(Short text fragments from websites)
_ _ _ _ _ _ _
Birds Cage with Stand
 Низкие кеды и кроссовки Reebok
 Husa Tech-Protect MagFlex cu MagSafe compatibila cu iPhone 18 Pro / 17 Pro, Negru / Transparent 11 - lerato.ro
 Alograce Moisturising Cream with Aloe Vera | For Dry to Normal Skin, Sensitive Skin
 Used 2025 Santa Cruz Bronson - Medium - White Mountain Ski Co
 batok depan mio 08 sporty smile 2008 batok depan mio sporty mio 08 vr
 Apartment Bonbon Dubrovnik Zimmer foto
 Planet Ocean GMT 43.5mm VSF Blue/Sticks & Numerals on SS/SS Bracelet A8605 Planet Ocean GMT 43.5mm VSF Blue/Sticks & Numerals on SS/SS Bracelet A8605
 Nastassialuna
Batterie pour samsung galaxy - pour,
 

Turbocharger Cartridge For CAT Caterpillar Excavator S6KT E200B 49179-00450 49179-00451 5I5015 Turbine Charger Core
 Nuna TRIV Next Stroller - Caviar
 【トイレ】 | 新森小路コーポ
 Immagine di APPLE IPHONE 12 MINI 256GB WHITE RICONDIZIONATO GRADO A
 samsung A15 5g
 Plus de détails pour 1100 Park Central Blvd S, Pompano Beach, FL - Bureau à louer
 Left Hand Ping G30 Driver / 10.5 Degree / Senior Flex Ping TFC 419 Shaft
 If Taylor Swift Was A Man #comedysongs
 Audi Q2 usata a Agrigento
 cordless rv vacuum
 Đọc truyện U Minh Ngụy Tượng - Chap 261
_ _ _ _ _ _ _
• **Task details**
A complete answer reproduces every line of the records in which the word "with" occurs.

• **Answer box**
Birds Cage with Stand
 Alograce Moisturising Cream with Aloe Vera | For Dry to Normal Skin, Sensitive Skin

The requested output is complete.